# Asus Silent Square EVO Fan Speed drops under FULL LOAD



## tandav (Aug 12, 2008)

I have the Q-Fan Control enabled. 
I have been noticing that when ever the CPU is running on full load the Fan speed drops down from 1800 RPM to 1500 RPM. 

The fan is at full speed around 2300RPM when Q-Fan Control disabled. When enabled i have never seen the Fan going above 1800RPM, but drops when CPU stress is run. 

How ever the temperatures for Cores do not exceed 60 and for CPU 45 degrees Celsius on full load. 

I have my Q6600 G0 running @ 333x9=3.0GHz.

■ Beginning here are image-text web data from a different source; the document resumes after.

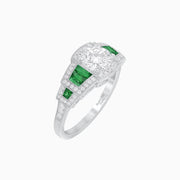 Art Deco Inspired Round Stepped Halo Gemstone & Diamond Ring - Shahin Jewelry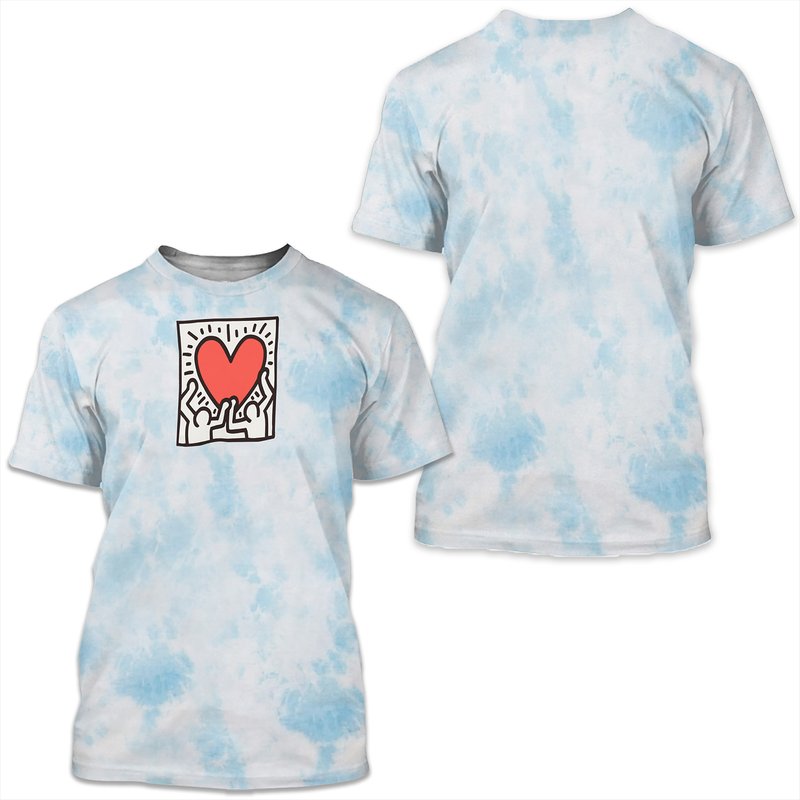 T-shirt Keith Haring Art Pop avec Deux Figures Tenant un Coeur — T-shirts pour hommes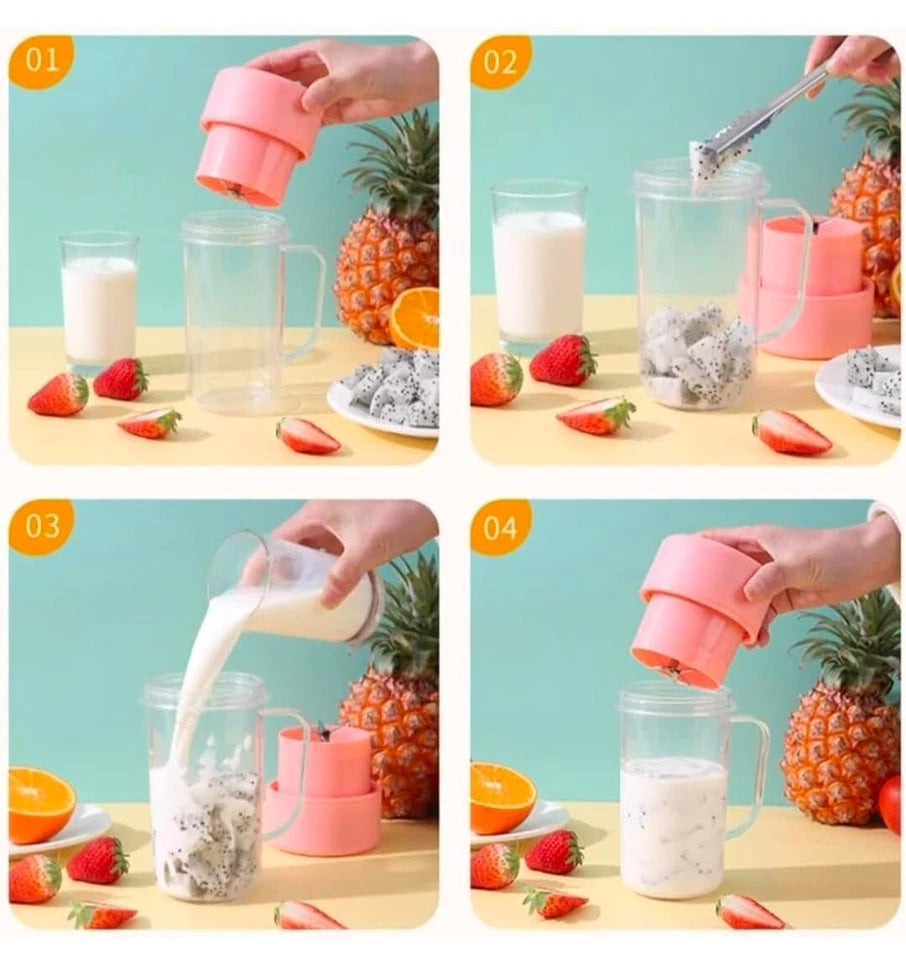 New straw juicing cup and blender. USB charging portable juicer,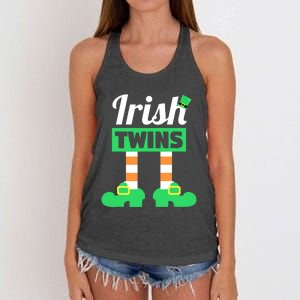 Irish Twins Tee Funny Matching St Patricks Day Twins Women's Knotted Racerback Tank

It is normal for the Silent Square EVO behave that way?


----------



## stressfreesoul (Mar 17, 2008)

If there are no overheating issues with it enabled, I wouldn't worry. It is obviously setting it to an appropriate speed for the temps. I suppose the smartfan setting in the BIOS might confuse the poor Q-Fan setup if it was enabled though. Try turning it off through your BIOS, then try Q-fan again.


----------



## tandav (Aug 12, 2008)

I don;t have Smart Fan option. I disabled/enabled the Q-Fan, but no positive result. 

I guess so it is because of I'm running on the Silent Mode. If I put on Performance mode then it might work. 

Thanks!


----------